Issue in Training Trafficcamnet using TAO toolkit

Hello,

I am trying to train my model using TAO toolkit on my Jetson Xavier i have only kept 100 images for training purpose.

While creating tfrecords i am getting the following error:

Converting Tfrecords for kitti trainval dataset
Traceback (most recent call last):
File “/home/photon/miniconda3/bin/tao”, line 8, in
sys.exit(main())
File “/home/photon/miniconda3/lib/python3.7/site-packages/tlt/entrypoint/entrypoint.py”, line 115, in main
args[1:]
File “/home/photon/miniconda3/lib/python3.7/site-packages/tlt/components/instance_handler/local_instance.py”, line 296, in launch_command
docker_logged_in(required_registry=self.task_map[task].docker_registry)
File “/home/photon/miniconda3/lib/python3.7/site-packages/tlt/components/instance_handler/utils.py”, line 129, in docker_logged_in
data = load_config_file(docker_config)
File “/home/photon/miniconda3/lib/python3.7/site-packages/tlt/components/instance_handler/utils.py”, line 66, in load_config_file
“No file found at: {}. Did you run docker login?”.format(config_path)
AssertionError: Config path must be a valid unix path. No file found at: /home/photon/.docker/config.json.
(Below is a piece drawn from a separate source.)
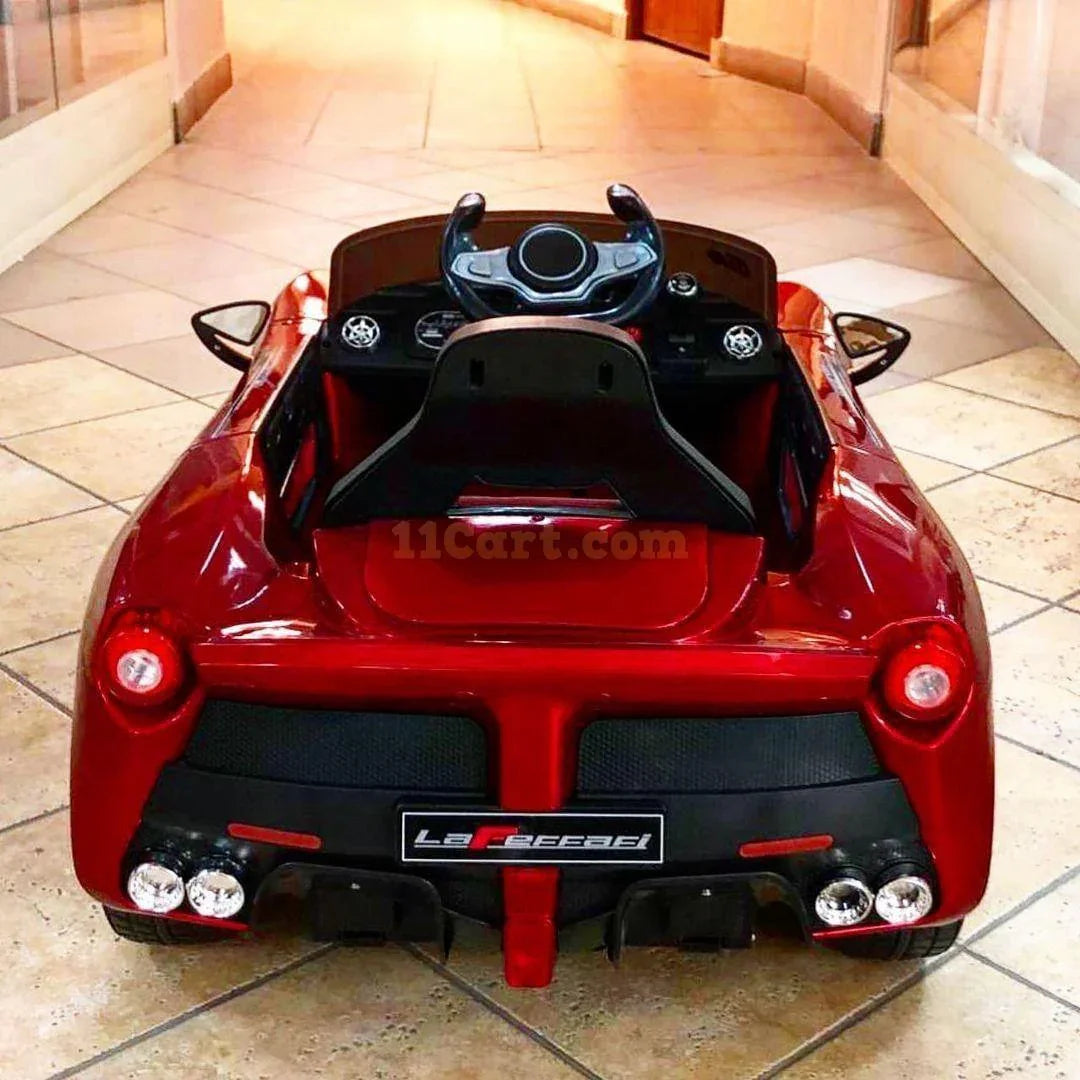 12V Ferrari Electric Ride on Car with Remote, Safety belt and LED lights for Kids - 11Cart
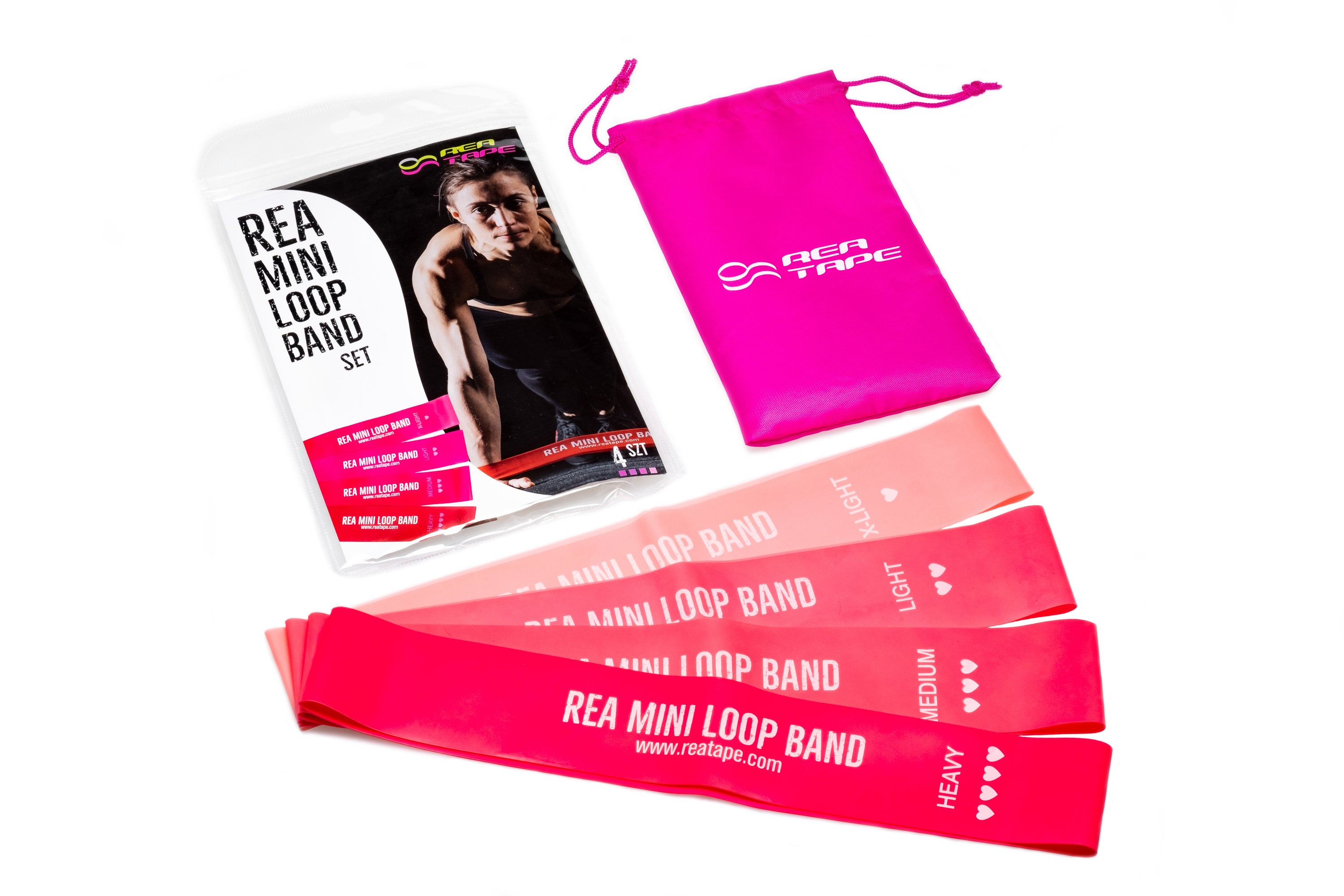 ReaTape - Zestaw Gum Oporowych Mini Loop Band - Różowy 4szt.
Did you run docker login?

The steps i performed after getting this error are:

  1. Opened terminal and enter the following command:

docker login nvcr.io

Login was successful.

  1. Then from that terminal i launch my jupyter notebook but again the same issue persists.

Please provide me any solution for this ASAP.

Thanks

Hi,

TAO doesn’t support the Jetson platform.
You will need to apply the training in a desktop environment.

https://developer.nvidia.com/tao-toolkit

Can TAO Toolkit be used to train on Jetson?
------------------------------------------------------------
Training with TAO Toolkit is only on x86 with NVIDIA GPU such as a V100. Models trained with TAO Toolkit can be deployed on any NVIDIA platform including Jetson.

Thanks.

Hello,
I’m a novice with development on NVIDIA.
Might I know more concerning this statement: “TAO doesn’t support the Jetson platform.”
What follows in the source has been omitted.